Input data section start

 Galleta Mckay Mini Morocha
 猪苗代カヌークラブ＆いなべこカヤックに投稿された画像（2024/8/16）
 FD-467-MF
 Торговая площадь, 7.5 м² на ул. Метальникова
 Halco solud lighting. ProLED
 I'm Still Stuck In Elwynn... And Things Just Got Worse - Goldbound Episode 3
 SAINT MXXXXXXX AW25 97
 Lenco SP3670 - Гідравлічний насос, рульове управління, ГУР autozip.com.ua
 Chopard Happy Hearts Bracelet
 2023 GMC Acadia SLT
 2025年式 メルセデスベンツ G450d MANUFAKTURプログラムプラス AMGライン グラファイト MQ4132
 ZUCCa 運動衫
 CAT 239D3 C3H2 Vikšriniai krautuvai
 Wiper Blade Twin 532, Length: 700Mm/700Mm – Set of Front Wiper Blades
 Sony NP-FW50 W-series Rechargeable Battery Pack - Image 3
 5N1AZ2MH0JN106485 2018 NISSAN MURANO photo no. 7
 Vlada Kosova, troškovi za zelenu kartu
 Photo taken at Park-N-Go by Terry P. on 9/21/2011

Input data section end

== Task to carry out ==
Only the lines from the line with "SAINT MXXXXXXX AW25 97" to the final line of the entries are to be returned, each exactly as written, both ends included.

== Answer for this exercise ==
 SAINT MXXXXXXX AW25 97
 Lenco SP3670 - Гідравлічний насос, рульове управління, ГУР autozip.com.ua
 Chopard Happy Hearts Bracelet
 2023 GMC Acadia SLT
 2025年式 メルセデスベンツ G450d MANUFAKTURプログラムプラス AMGライン グラファイト MQ4132
 ZUCCa 運動衫
 CAT 239D3 C3H2 Vikšriniai krautuvai
 Wiper Blade Twin 532, Length: 700Mm/700Mm – Set of Front Wiper Blades
 Sony NP-FW50 W-series Rechargeable Battery Pack - Image 3
 5N1AZ2MH0JN106485 2018 NISSAN MURANO photo no. 7
 Vlada Kosova, troškovi za zelenu kartu
 Photo taken at Park-N-Go by Terry P. on 9/21/2011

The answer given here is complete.